I don’t know what to make of the ideas expressed in the OP, and how a strong argument can be made that “the mystery of sound is mysticism,” but I do know that acknowledging the experience music provides without acknowledging the intangible, immeasurable things, and/or ensconcing oneself into a rigid bubble of “science / data, and nothing else,” is folly.

 

 

@mijostyn 

Obviously, my point that music, as a thing in human experience, is only partially explained when it is jotted down on a staff, still stands.  
Just because we can read The Brothers Karamazov doesn’t mean we can scientifically explain the breadth and power of that work.  
Just because we can look at Head IV by Francis Bacon doesn’t mean we can scientifically explain why it is such a powerful work.  
Music can indeed be transcribed.  
So what?  
The little figures on a page don’t come close to really describing the human experience of listening to music. 

Music is not a science.  
It is an art.

@mahgister Happy Holidays to you!

Happy Holidays to all!!

I don’t wish to be coarse, but the use of the word “mysticism” in this conversation is somewhat unfortunate in my opinion.
I provided the Oxford Languages definition of the word above, and I will leave it at that.
I am keen on discussing music, and the ways it’s power remains mysterious.
It’s great that academia may aid one’s “literacy” of music, but this literacy only gets one so far.
Bob Dylan, as his recording mate Al Kooper once said, “is a musical primitive.”
He has no formal training of any great significance in literature, either.
Yet, those songs and those lyrics exist.
We could go on and on and on with similar examples in music, let alone art as a whole (the GOAT pop group, The Beatles, a very easy one that jumps to mind, for instance).

In this conversation, I don’t see a necessity in rigid tribalism.
“Science/data!! Nothing else!!” vs. “mysticism/God!! Nothing else!!”
No thanks.
It’s far more complex than that.

 

@stuartk I love that interview he gave with Ed Bradley in the mid-‘00s.
I’d always perceived Dylan to be guarded in interviews, and in that one he seemed so unguarded and forthright. 
Bradley asked him, “Do you ever look at music that you’ve written and look back at it and say, “whoa, that surprised me”?”  
Dylan said, “…I don’t know how I got to write those songsThose early songs were like almost magically written…
’darkness at the break of noon / shadows even the silver spoon / the handmade blade, the child’s balloon / eclipses both the sun and moon / to understand, you know too soon / there is no sense in trying / pointed threats, they bluff with scorn / suicide remarks are torn / from the fool’s gold mouthpiece the hollow horn / plays wasted words, proves to warn / that he not busy being born is busy dying’…
…well…try to sit down and write something like that.

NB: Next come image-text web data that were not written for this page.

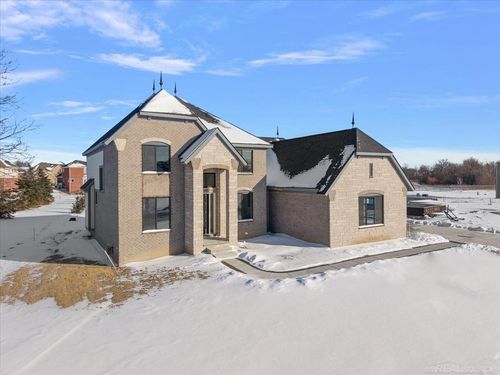 42528 Saddle Ln, Sterling Heights, MI, 48314-2927 | Card Image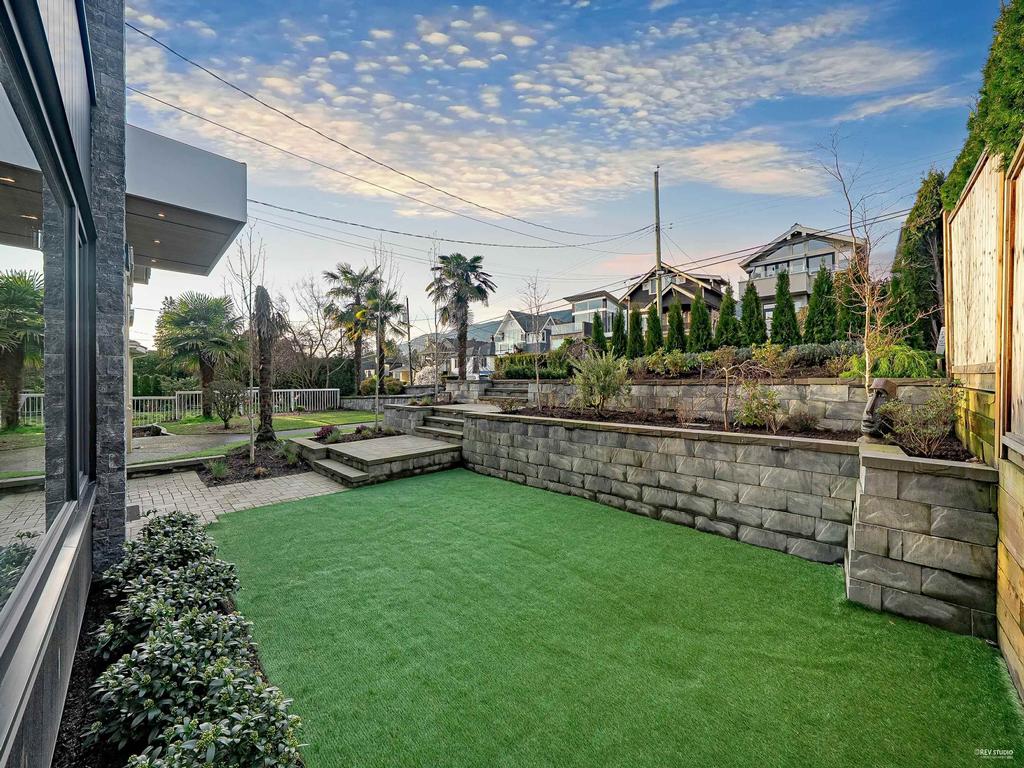 Listing Image for R3090415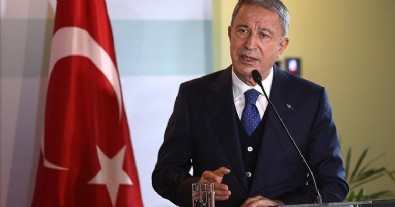 Bakan Akar, sanatçı Burak Haktanır'ı kabul edecek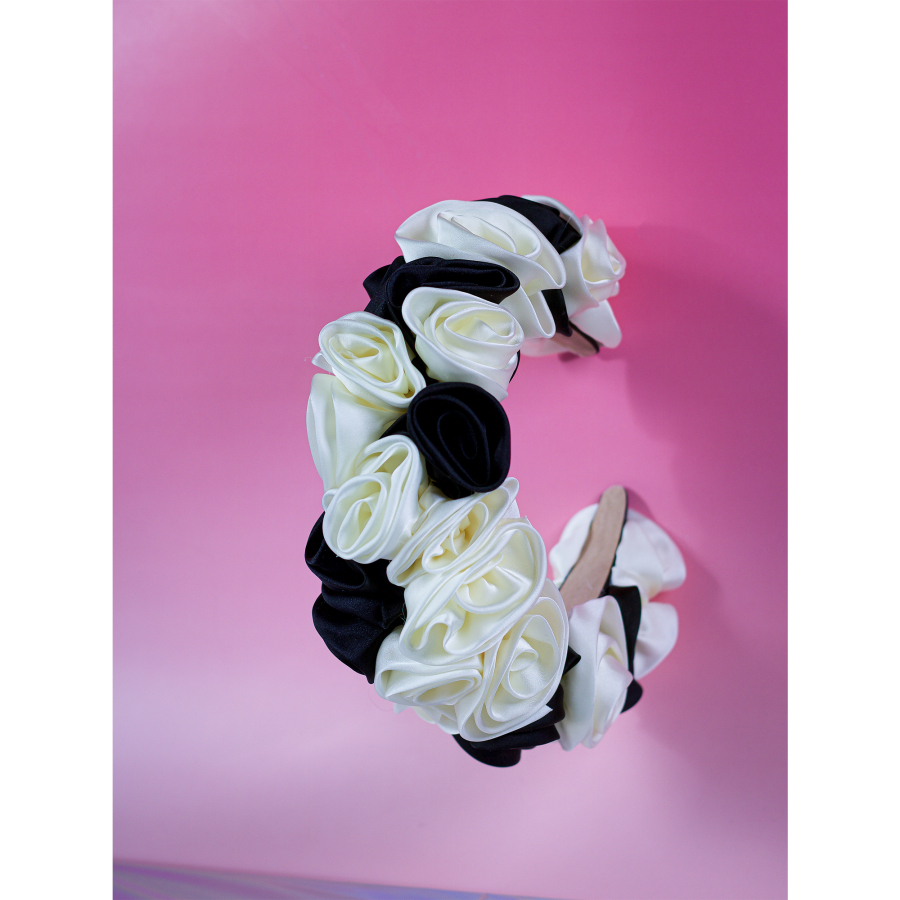Stor blomsterkrone hårbøjle med sorte og off white satinblomster fra LÉ MOSCH,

There’s a magic to that. It’s not Siegfried & Roy kind of magic, you know? It’s a different kind of a penetrating magic. I did it at one time”

“Try to sit down and write something like that.”  
What a great comment!  
I love that.  
That sums up whatever it is we’re talking about here, whether one calls it “mysticism,” “channeling,” “magic,” or whatever.

I also like that right after Dylan made that comment, Bradley asked him if he thinks he could write something like that again, and he said, “(mm mm)” 😆 (as in, the ‘mm mm’ sound of ‘no’). 
That lack of hubris, expressed so bluntly, is great.  
He’s not sitting there acting like he’s some kind of genius, but instead bluntly saying, essentially, “I experienced something special at one time, but it was a special moment (‘moment’ being the salad days of his creativity, not just that one song) that has passed.”  
He could have said, “Well, Ed, I’m tryin’” or, “I think my new stuff is just as good,” or, “an artist evolves…” etc.  

I just appreciate that he showed that humility, that kind of respect for this thing we’re talking about; the intangible, mysterious forces that seem to motivate these moments in history when artists produce incredible work.